_Required work:_ Show the lines of the material that contain the word "Images".

::: Material for the task

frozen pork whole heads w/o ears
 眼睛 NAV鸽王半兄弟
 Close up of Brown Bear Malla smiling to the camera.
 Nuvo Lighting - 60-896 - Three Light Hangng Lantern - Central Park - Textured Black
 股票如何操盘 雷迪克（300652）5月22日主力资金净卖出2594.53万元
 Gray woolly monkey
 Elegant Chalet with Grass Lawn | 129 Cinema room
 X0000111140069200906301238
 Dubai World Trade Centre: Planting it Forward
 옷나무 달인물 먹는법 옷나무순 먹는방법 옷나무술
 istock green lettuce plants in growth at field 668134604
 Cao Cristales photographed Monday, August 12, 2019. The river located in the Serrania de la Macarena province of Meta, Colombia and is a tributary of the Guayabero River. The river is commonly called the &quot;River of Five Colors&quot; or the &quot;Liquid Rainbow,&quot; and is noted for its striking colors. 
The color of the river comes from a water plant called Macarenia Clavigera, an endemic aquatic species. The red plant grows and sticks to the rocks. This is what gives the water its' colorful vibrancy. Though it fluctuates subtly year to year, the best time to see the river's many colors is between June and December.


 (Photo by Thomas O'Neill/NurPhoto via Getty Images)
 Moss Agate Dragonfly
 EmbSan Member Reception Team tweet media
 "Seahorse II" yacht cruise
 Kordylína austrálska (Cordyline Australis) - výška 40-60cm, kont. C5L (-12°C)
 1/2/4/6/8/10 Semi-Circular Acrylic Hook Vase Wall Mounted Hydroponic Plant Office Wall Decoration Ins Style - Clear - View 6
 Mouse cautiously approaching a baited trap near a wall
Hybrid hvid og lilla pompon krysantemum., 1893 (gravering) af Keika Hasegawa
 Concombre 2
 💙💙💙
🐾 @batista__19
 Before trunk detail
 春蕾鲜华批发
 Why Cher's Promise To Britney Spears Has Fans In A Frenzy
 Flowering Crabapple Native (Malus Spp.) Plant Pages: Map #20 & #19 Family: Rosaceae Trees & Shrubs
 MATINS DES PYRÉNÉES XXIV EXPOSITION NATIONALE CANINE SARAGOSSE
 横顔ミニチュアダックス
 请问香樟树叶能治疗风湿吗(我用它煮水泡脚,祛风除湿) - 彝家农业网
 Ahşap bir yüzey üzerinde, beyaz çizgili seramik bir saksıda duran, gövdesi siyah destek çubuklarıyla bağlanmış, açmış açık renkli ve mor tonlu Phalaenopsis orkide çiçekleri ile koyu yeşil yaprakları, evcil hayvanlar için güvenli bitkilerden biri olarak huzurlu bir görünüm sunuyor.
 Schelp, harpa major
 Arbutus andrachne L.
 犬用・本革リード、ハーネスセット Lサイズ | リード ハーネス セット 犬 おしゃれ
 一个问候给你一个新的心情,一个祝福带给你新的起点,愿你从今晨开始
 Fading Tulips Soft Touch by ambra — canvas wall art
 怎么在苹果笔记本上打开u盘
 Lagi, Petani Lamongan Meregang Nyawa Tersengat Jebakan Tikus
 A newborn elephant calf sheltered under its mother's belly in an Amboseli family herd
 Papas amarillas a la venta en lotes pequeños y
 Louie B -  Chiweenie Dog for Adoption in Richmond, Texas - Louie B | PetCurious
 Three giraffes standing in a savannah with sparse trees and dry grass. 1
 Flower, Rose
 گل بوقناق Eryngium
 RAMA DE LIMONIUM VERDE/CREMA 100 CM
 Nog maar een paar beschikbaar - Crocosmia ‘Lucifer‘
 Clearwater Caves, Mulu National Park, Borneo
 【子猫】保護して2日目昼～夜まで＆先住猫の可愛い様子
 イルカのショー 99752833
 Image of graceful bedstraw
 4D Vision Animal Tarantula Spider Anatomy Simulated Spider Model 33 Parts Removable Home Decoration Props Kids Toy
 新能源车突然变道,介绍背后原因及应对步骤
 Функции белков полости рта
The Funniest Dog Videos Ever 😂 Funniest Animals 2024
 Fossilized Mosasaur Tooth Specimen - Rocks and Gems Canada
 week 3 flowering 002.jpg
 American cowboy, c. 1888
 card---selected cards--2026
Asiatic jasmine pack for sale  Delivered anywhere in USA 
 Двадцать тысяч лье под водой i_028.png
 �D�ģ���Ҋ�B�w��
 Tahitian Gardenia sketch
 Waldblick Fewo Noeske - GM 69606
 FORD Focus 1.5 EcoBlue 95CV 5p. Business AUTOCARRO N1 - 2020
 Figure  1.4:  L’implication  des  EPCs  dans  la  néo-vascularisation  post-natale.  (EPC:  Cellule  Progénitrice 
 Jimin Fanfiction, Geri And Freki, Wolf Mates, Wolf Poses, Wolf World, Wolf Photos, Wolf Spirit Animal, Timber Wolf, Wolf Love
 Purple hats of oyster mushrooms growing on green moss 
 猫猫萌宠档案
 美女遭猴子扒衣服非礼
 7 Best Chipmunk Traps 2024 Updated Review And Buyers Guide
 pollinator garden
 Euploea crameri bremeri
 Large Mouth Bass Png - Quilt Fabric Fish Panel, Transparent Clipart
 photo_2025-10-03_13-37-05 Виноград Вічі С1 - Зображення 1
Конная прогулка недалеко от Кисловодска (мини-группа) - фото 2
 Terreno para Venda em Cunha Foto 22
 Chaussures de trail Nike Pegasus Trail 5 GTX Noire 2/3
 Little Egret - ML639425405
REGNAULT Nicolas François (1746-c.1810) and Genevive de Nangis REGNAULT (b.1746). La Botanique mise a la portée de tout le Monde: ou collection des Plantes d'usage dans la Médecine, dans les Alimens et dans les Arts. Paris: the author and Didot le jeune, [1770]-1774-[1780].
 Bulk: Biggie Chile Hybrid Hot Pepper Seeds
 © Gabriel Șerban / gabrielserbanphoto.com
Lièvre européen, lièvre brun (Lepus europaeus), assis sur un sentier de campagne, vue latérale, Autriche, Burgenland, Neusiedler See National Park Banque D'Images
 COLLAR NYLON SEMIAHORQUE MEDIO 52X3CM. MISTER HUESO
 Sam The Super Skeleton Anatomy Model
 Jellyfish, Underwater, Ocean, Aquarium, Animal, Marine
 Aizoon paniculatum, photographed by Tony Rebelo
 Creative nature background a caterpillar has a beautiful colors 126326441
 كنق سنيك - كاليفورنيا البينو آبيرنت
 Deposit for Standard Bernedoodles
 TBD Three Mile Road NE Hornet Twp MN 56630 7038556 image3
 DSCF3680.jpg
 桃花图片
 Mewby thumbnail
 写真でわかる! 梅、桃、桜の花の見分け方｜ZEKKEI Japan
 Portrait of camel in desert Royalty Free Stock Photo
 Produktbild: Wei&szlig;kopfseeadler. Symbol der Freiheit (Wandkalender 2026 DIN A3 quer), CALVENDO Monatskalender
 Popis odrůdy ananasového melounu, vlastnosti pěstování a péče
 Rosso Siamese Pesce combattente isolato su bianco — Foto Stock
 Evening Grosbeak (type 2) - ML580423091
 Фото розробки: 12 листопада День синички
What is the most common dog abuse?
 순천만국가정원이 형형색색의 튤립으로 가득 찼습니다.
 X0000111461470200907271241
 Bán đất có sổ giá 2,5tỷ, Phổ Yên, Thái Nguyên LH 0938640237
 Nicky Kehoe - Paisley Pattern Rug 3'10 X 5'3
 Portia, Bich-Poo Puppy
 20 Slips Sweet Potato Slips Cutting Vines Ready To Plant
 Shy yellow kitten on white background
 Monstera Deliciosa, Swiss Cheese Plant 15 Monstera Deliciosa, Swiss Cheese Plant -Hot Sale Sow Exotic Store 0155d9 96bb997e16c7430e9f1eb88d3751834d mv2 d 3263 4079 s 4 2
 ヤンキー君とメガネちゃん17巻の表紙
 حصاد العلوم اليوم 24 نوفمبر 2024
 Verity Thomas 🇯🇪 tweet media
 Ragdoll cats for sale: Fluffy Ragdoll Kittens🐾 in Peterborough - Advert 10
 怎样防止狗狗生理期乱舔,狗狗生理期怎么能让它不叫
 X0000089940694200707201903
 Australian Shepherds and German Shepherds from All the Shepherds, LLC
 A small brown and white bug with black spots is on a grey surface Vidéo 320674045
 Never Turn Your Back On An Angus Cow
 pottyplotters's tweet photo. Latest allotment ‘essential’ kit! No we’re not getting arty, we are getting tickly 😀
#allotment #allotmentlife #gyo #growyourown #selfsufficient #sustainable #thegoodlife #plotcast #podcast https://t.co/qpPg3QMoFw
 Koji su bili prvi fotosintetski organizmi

::::::

_Expected answer:_
 (Photo by Thomas O'Neill/NurPhoto via Getty Images)
Lièvre européen, lièvre brun (Lepus europaeus), assis sur un sentier de campagne, vue latérale, Autriche, Burgenland, Neusiedler See National Park Banque D'Images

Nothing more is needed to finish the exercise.